Keep it USA Donald........


----------



## rtwjunkie (Jan 21, 2017)

CAPSLOCKSTUCK said:


> Keep it USA Donald...



Gotta go with what wins the contract because it's the best for the job.  For years Sig has provided the pistols for a large number of federal law enforcement agencies.


----------



## CAPSLOCKSTUCK (Jan 21, 2017)

the irony made me laugh seeing as CNN reported within 2 hours of the inauguration. i suppose all the mexican cleaners will sleep easy tonight if you 


rtwjunkie said:


> go with what wins the contract because it's the best for the job.


----------



## GreiverBlade (Jan 21, 2017)

rtwjunkie said:


> For years Sig has provided the pistols for a large number of federal law enforcement agencies.


Amen!

.... well even my softair blowback full metal gun was a SIG SP 2022 (during my Army time ... a SIG P226 and then later a P228 shared my duty time as a embassy guard ...   we did England, USA, Israel and Turkish embassy in Bern in 2000-2001 )


----------



## rtwjunkie (Jan 21, 2017)

GreiverBlade said:


> Amen!
> 
> .... well even my softair blowback full metal gun was a SIG SP 2022 (during my Army time ... a SIG P226 and then later a P228 shared my duty time at the Ambassy guard ...  )
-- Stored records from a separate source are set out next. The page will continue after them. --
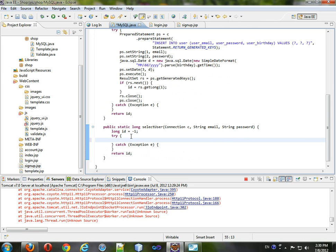What we have to do is get a prepared statement, call it PS, whatever you want to call it, and get that from the connection.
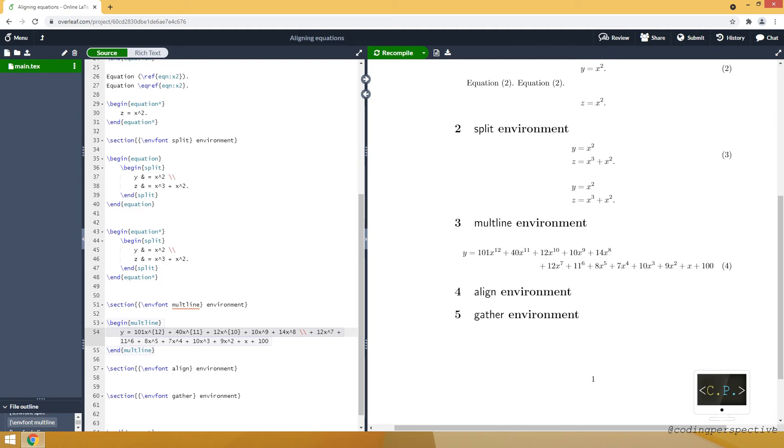And now our equation looks better. And again if you don't want to use any number, you just need to put asterisk at the end of multiline.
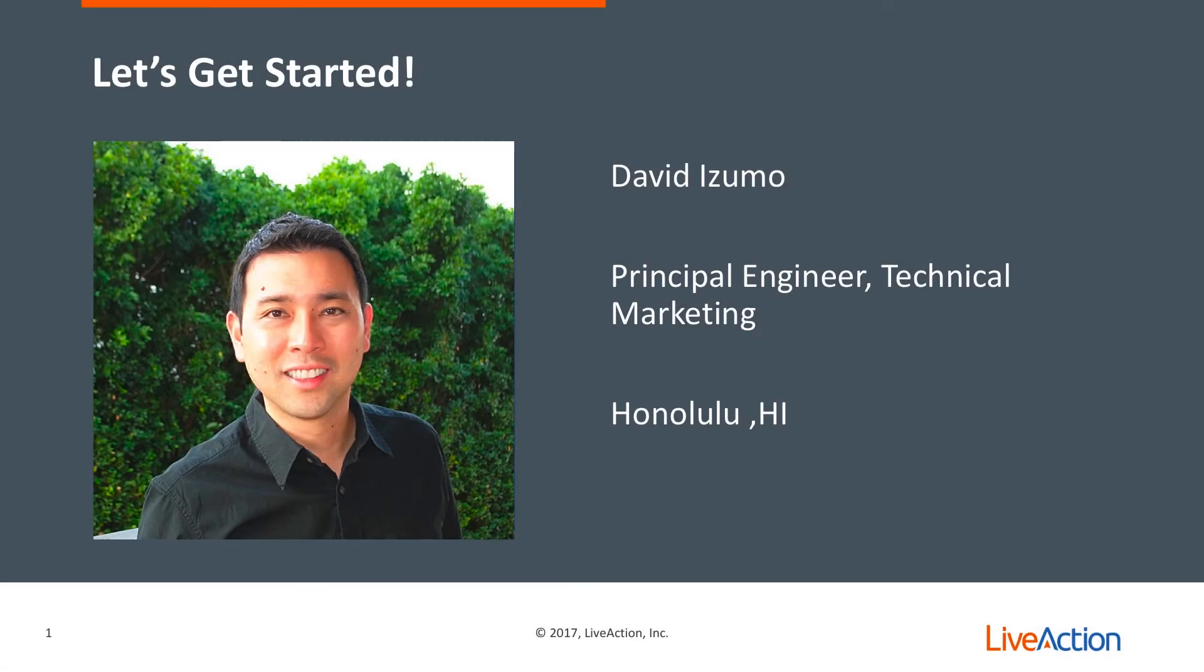Hello, my name is David Izumo. I'm a principal engineer in technical marketing with LiveAction, and I'm based out of Honolulu, Hawaii.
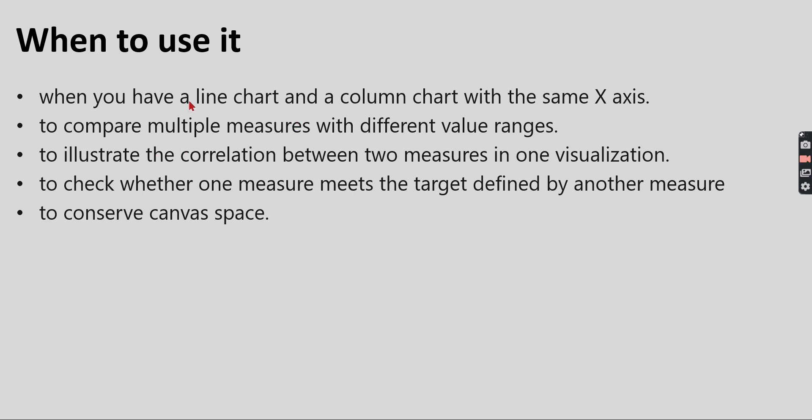Then you can go for your combo charts. To illustrate correlation between two measures in one visualization, to check whether one measure meets the target as I said in the previous example, to conserve canvas space.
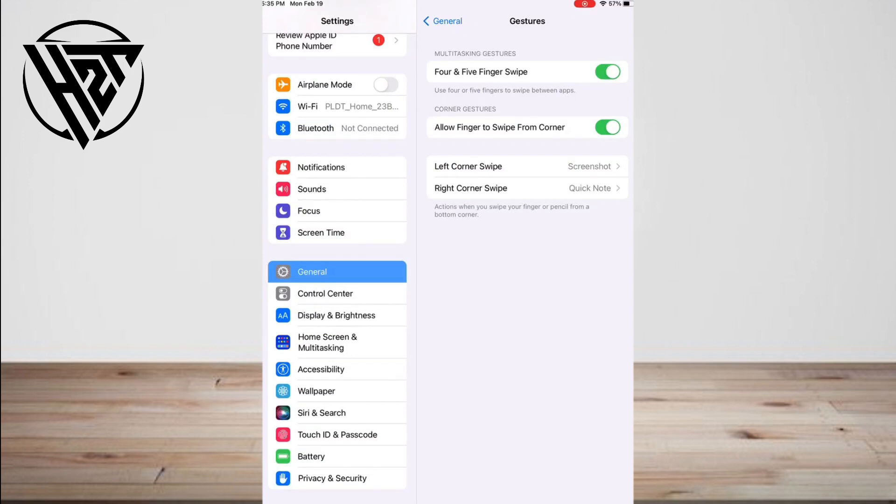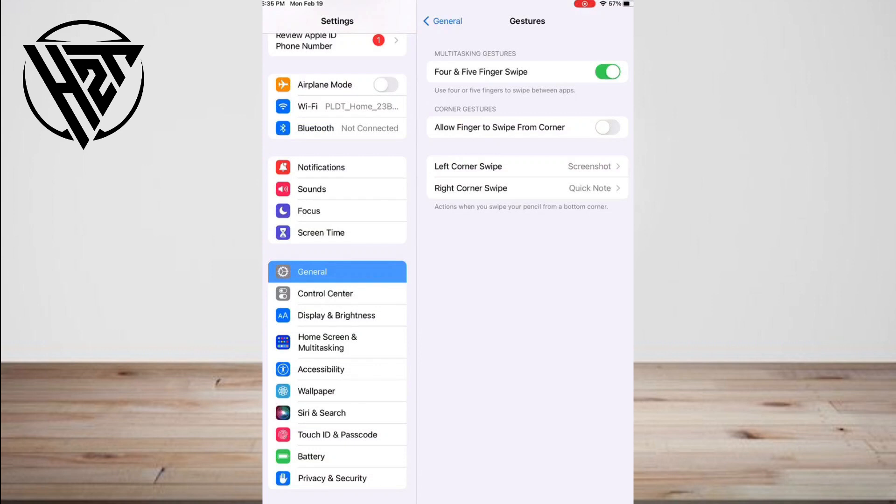You can tap an app to view it or swipe it upwards to kill it. And the last option is swipe left or right between apps. Place four or five fingers on the screen and swipe left or right to view the apps currently running.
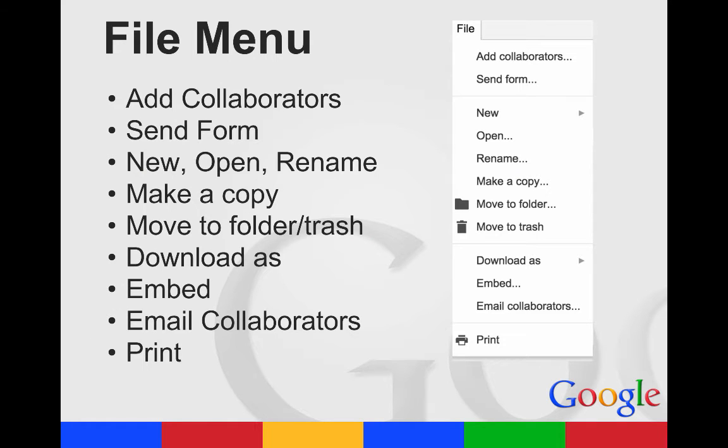Your file menu is where you can add collaborators. You cannot share with others that can edit your form. You have to add a collaborator, and then they have edit access to your form.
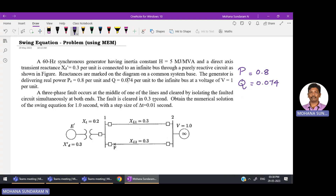A three-phase fault occurs at the middle of one of the lines. This is a short circuit fault occurring at the middle of one of the lines, and it is cleared by isolating the faulted circuit simultaneously at both ends — opening circuit breakers at both ends. The fault is cleared by 0.3 seconds, after which the line is put back into the system.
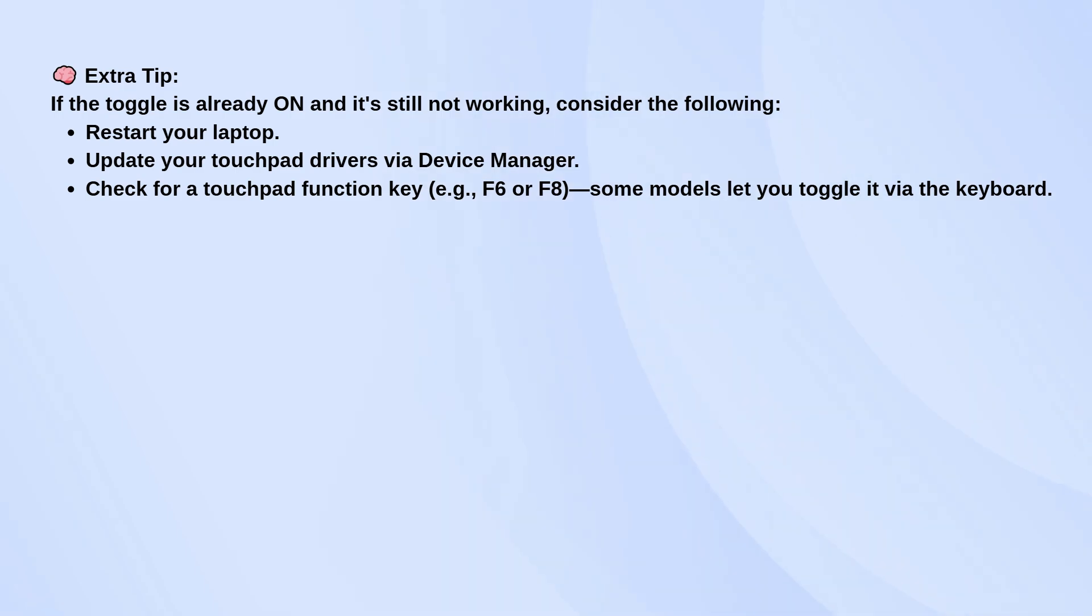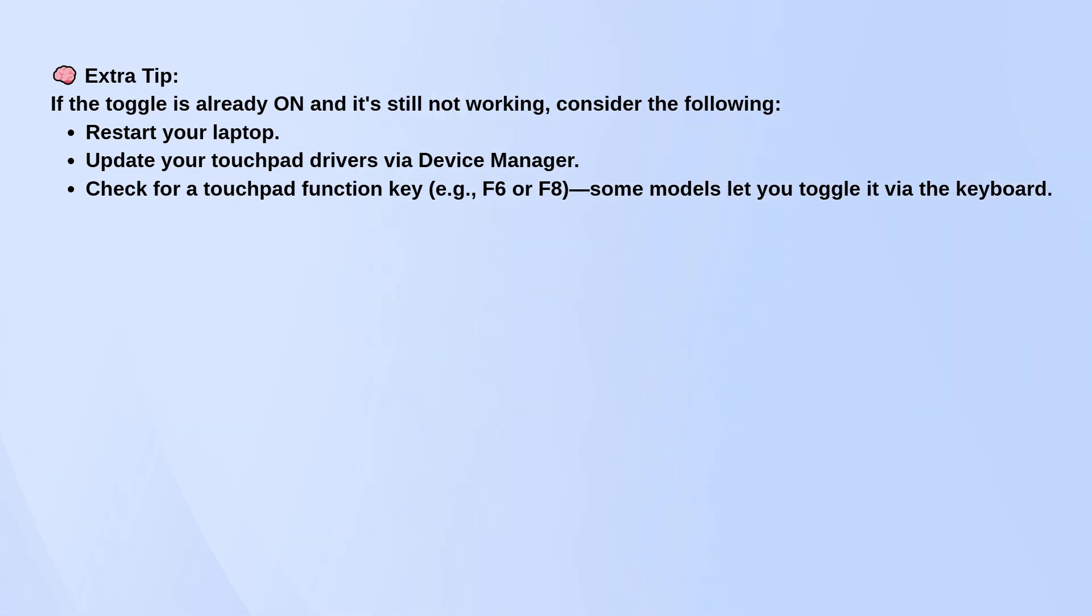Also, keep in mind that some laptops have a function key that can disable or enable the touchpad, like F6, F8, or something similar. Look for a touchpad icon on your keyboard and press it along with the FN key to toggle it.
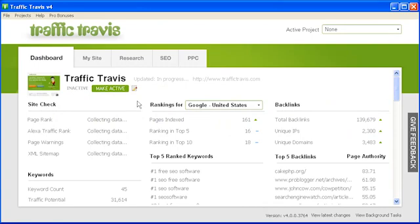Hello and welcome to Traffic Travis version 4. In this video tutorial we're going to take a look at the SEO section in Traffic Travis. The SEO section is designed to aid you with identifying how you rank in the search engine results, identifying your competitors and what they're doing to beat you, identifying who is linking to you, and figuring out other sites that you can use to get backlinks.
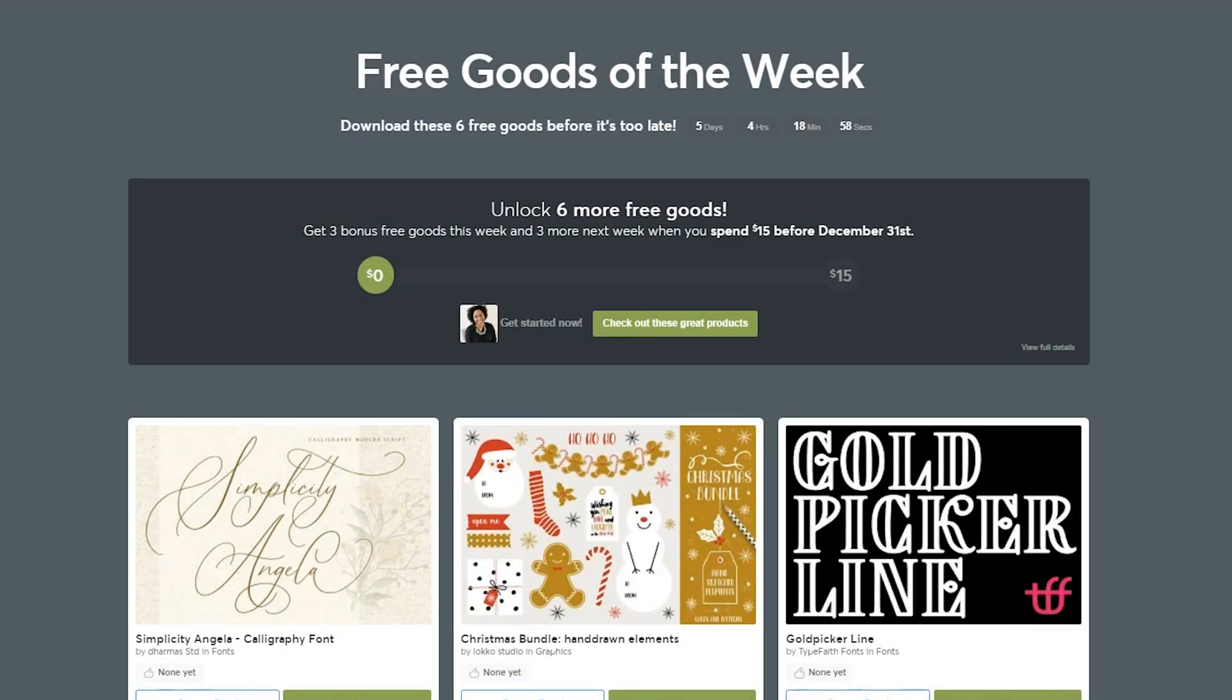Have you ever found yourself limited on Canva by the designs available or the fonts at your disposal? In this video I'm going to show you how you can step up your Canva designs by utilizing the website Creative Market.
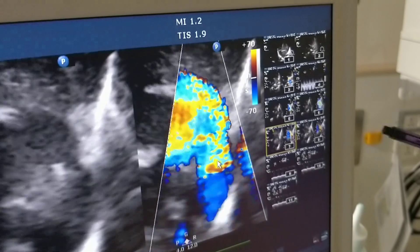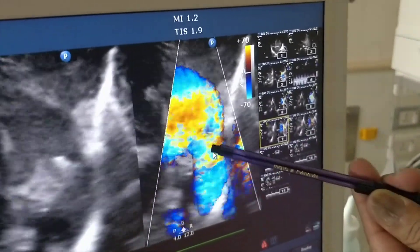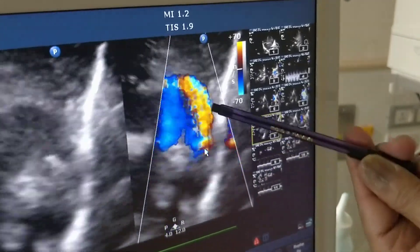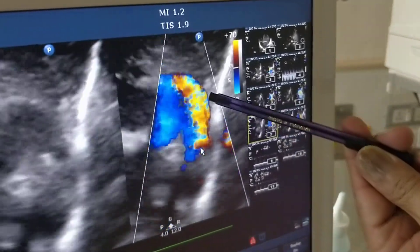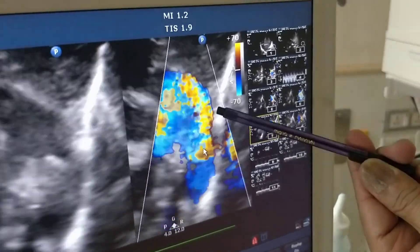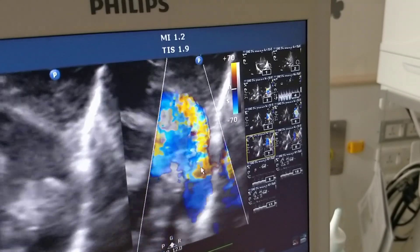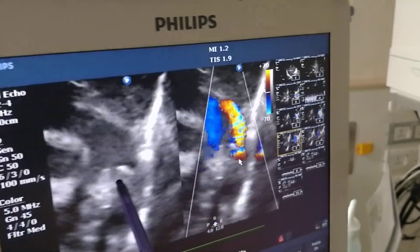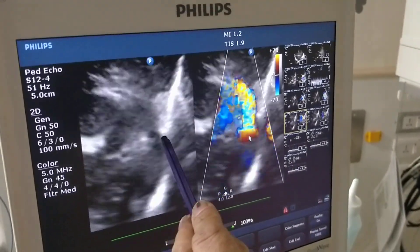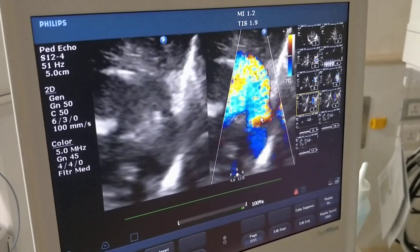If I apply color Doppler, you can see the blue right pulmonary artery, the left pulmonary artery, and turbulence at the ductus arteriosus. This gives the impression of a three-legged chair — leg 1, leg 2, and leg 3 — which is a characteristic appearance of patent ductus arteriosus on color Doppler.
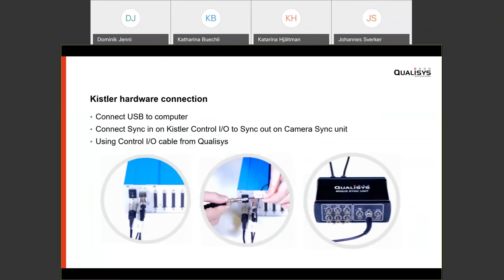The Kistler hardware integration is fairly simple. You connect the DAQ box to the computer via USB, and then you need a cable to connect sync out from the camera to sync in on the Kistler system — and that's all the hardware you need.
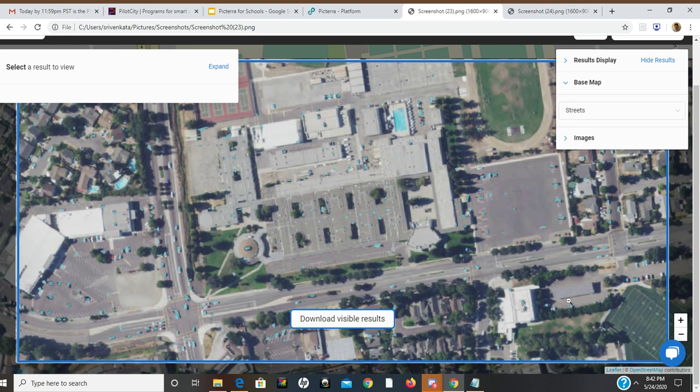Once I'm done detecting, I detected it on the entire image. It takes quite some time, but overall I'm impressed with the results.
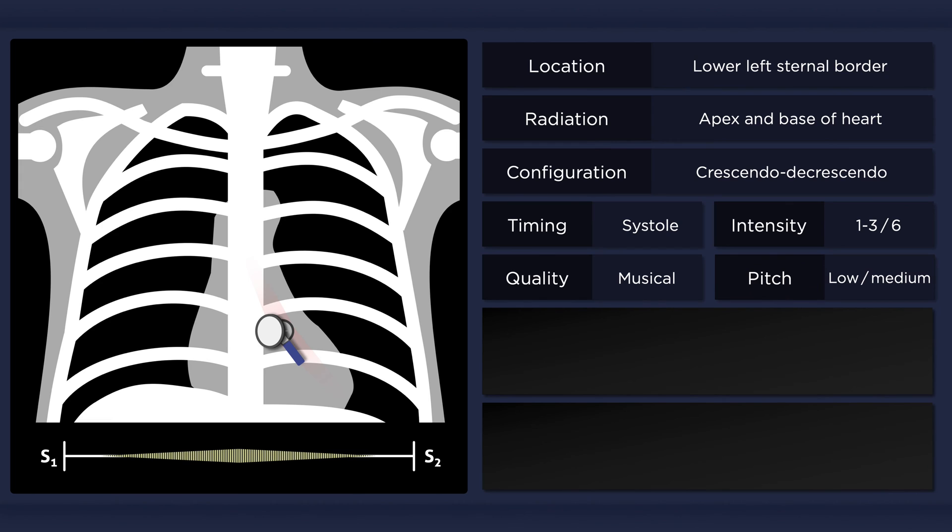The murmur is low to medium pitched, and thus best heard with the bell of the stethoscope. If you press the bell firmly on the chest wall, however, the functionality of the bell would effectively be changed to that of a diaphragm, in which case the murmur would soften.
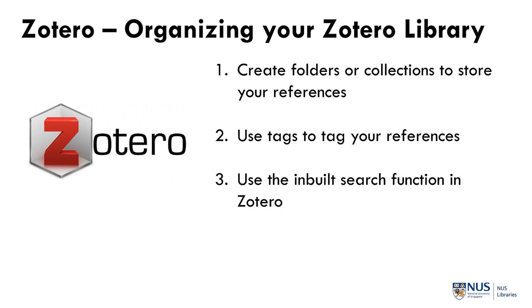The third is to use the inbuilt search function in Zotero which not only searches the metadata of your reference but it also searches the PDF that you have attached to your reference.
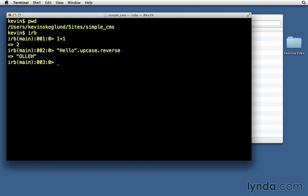The Rails console works the same way. Type exit to get out of there, and now to enter the Rails console, you'll type rails space console. You'll want to make sure that you are in the root of your Rails application, otherwise it won't work.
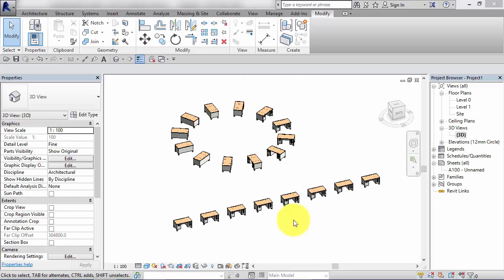In this unit we're going to take a look at creating arrays in Revit, and that's arrays as in A-R-R-A-Y-S, not erase as in E-R-A-S-E.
The Sig 226 is fantastic!! Perfectly balanced and very little recoil.


----------



## droopyRO (Jan 21, 2017)

So this is final ,no more 9mm vs .45 debates ? Wonder if the Sig won in the 80s would it have been replaced today.


----------



## FireFox (Jan 21, 2017)

CAPSLOCKSTUCK said:


> Subcompact
> *Specifications
> Weight* 833 g (29.4 oz) P320 Full Size (incl magazine)
> 737 g (26.0 oz) P320 Carry (incl magazine)
> ...



They forgot to add this one


----------



## rtwjunkie (Jan 21, 2017)

droopyRO said:


> So this is final ,no more 9mm vs .45 debates ? Wonder if the Sig won in the 80s would it have been replaced today.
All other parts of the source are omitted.